Magnus Isacsson (1948-2012) was a deeply committed, indefatigable and famously generous documentary filmmaker whose creative output spans decades, subjects and topics. Isacsson was a central figure in the Canadian—and especially Montreal—doc community who consistently mentored younger, less experienced filmmakers in the art, craft and politics of socially-engaged documentary. His (now archived) blog remains a treasure trove of sage advice, such as his “five rules of thumb” to follow for a project to be worthwhile and fundable.
Some of us at Cinema Politica knew Magnus personally, as he was a fixture at Cinema Politica Concordia screenings on Monday nights, where on some occasions we screened the Swedish-born director’s own works. He was a skilled photographer with experience producing television before moving into non-fiction cinema. Magnus had an unwavering moral compass, and would not mince words when he thought a film had problematic ethics or politics. His commitment to documentary filmmaking manifested as Marc Glassman has noted, as a “way of life” and was equally matched by his dedication to the issues and people featured in his work - amounting to nearly twenty films in total.

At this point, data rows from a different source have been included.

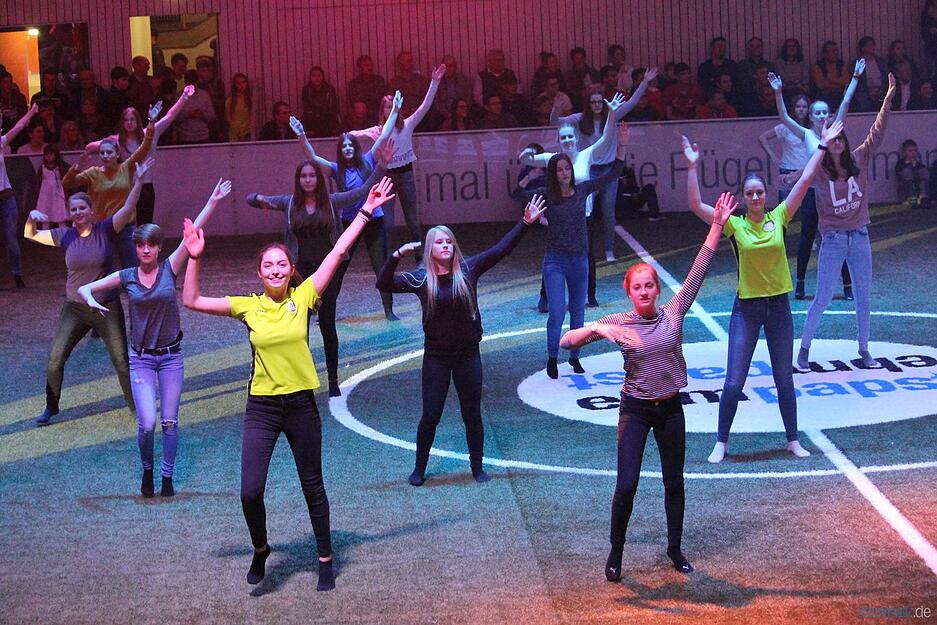 EBM-Papst Hallenmasters | 07.01. EBM-Papst Hallenmasters | 07.01.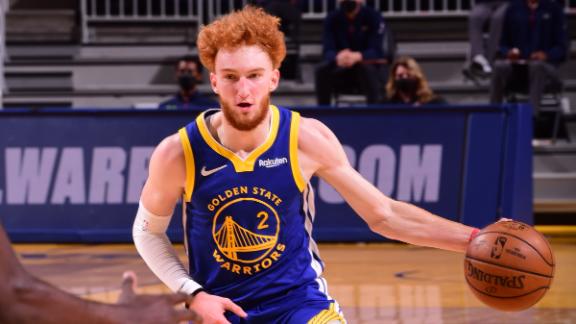 Nico Mannion Stats News Bio Espn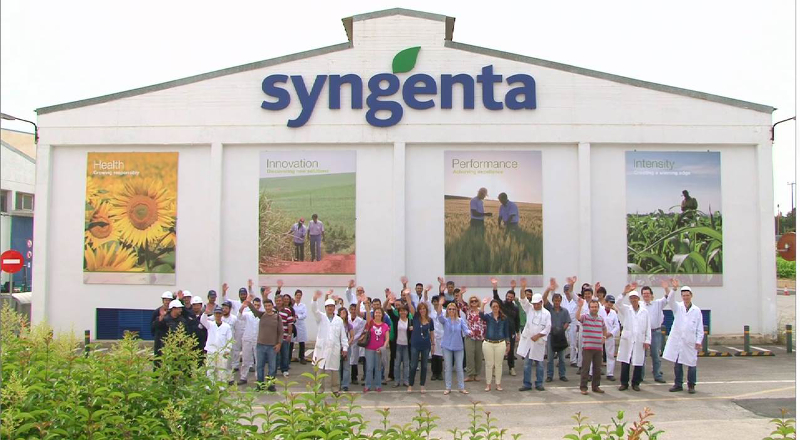 vraveysh syngenta EnofytaEmployees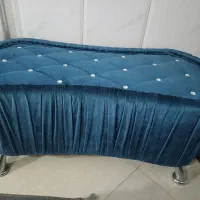 میز عسلی و میز بزرگ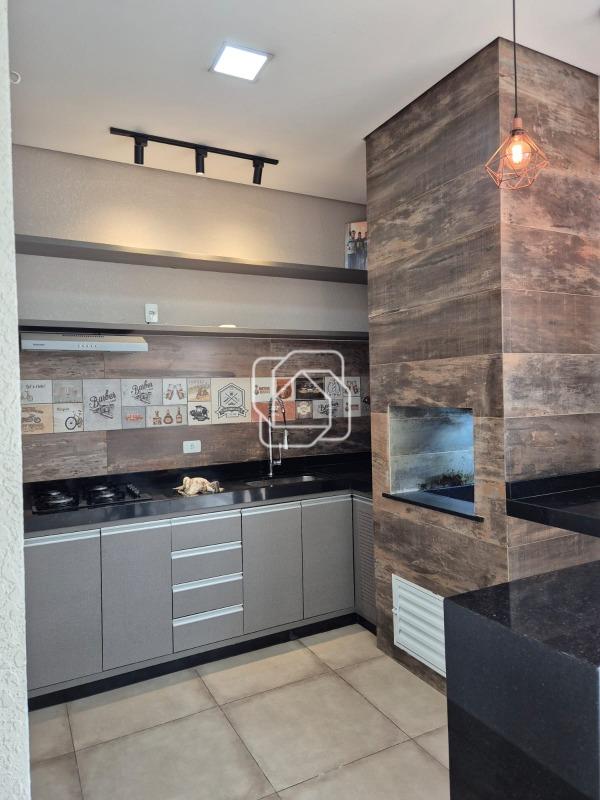 Casa de Condomínio para aluguel em Indaiatuba - SP - Jardim Toscana: 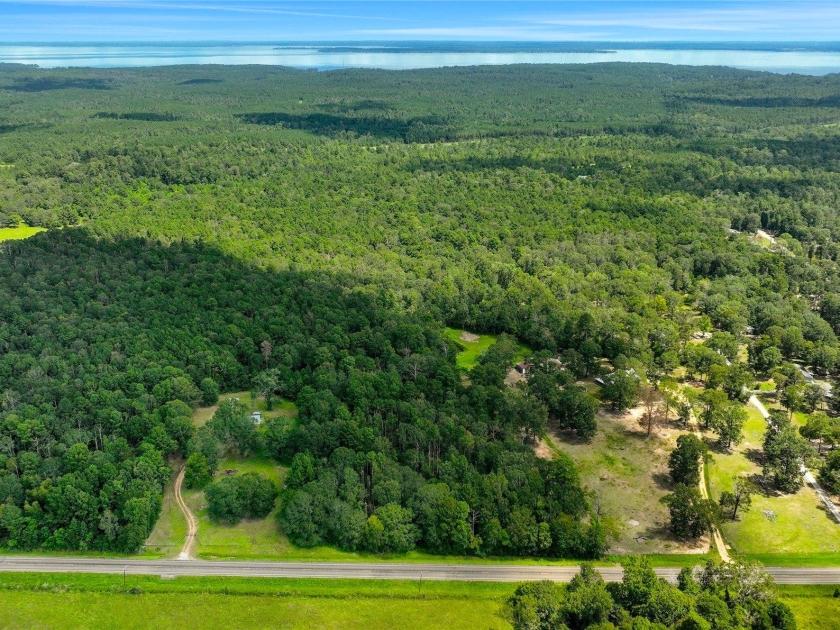 18 Acres for Sale in Shepherd, Texas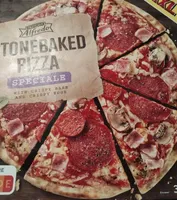 Steinofenpizza Speciale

We are therefore honoured to be releasing some key works and classics from this important Canadian director online, for the first time. From labour to natural resources, from Indigenous communities grappling with hydro dams to art activists provoking with “socially acceptable acts of terrorism,” from the Raging Grannies to a choir formed by homeless men - Cinema Politica’s Magnus Isacsson Collection will engage and rouse audiences with tales of struggle, resistance, justice, art and activism.
In a POV interview with Glassman, Magnus said: “I have always looked for dramatic stories, which bring up important social and political issues…and I’m looking to understand all the complexities.” We believe CP’s Magnus Isacsson Collection highlights some of the filmmaker’s best works: films that deftly explore complex issues with a keen sensitivity for both the poetics and the politics in a myriad of social issues entangled in the lives of people and communities. Long after Magnus would finish a film he would continue to nourish relationships forged during filmmaking - an ethically-minded relational practice of representation that is so often missing from adventures in documentary. We invite you to embark on your own adventure, through Magnus’s films, and hope you forge your own relationship with the films, the issues, the people and the communities forever commemorated in Magnus Isacsson’s commanding creations.